Er selbst bezeichnete sich als streng deutschnational, bewertete Teile der NS-Ideologie positiv und war Mitglied der NSDAP. Sein Verhältnis zum Nationalsozialismus blieb jedoch ambivalent und schlug im Laufe der NS-Herrschaft in partielle Gegnerschaft um. Seine christlichen Überzeugungen und sein oft derbes, autoritär-selbstbewusstes Auftreten brachten Seggel seit 1933 immer wieder in Konflikte mit den nationalsozialistischen Machthabern.

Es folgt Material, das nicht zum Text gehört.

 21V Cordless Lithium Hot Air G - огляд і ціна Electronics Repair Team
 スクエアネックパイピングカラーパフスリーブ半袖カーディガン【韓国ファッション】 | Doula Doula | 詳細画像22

So wurde er im März 1934 vom Ortsgruppenleiter angezeigt, weil er in seinen Predigten die Versuche zur Gleichschaltung der Kirche, die Verfolgung von Pfarrern und die NS-Rassenideologie kritisiert hatte. Das Verfahren wurde jedoch eingestellt, ebenso wie zwei weitere Anzeigen wegen kritischer Äußerungen und staatsfeindlicher Einstellung 1935 und 1936.


Die wiederholten Anzeigen, Bespitzelungen und Forderungen nach seiner Absetzung hinderten Seggel nicht daran, in seiner Bußtagspredigt vom 16. November 1938 offen die Gewalttaten des Novemberpogroms anzuprangern. Seine mehrfach vorgetragene Predigt über den Synagogensturm enthielt zwar antisemitische Aussagen, Seggel verurteilte aber deutlich den Greuel an heiliger Stätte und bekannte, als Deutscher möchte ich meine Hand nicht zur Gewalttat an einen Juden legen. Die Täter seien Unmenschen gewesen, ein Christenmensch tut so etwas nicht (Zitate nach Marlen Rabl, Seggel, 63f.).


Diese Predigt führte erneut zu einer Anzeige. Da die Gemeindemitglieder jedoch keine klaren Aussagen machten, wurde auch diese Anzeige wieder fallengelassen. In den folgenden Jahren kam es noch zu drei weiteren Verfahren wegen Krititk an einem HJ-Führer, öffentlicher Bekanntgabe von Kirchenaustritten und Verstoßes gegen baurechtliche Bestimmungen.


Dass Seggel zwar eine Vielzahl von Repressalien erlitt, von ernsthaften Folgen letztlich aber verschont blieb, war neben seinem Formulierungsgeschick bei den Verhören auch dem Rückhalt bei seiner Gemeinde und kirchlichen Vorgesetzten zu verdanken.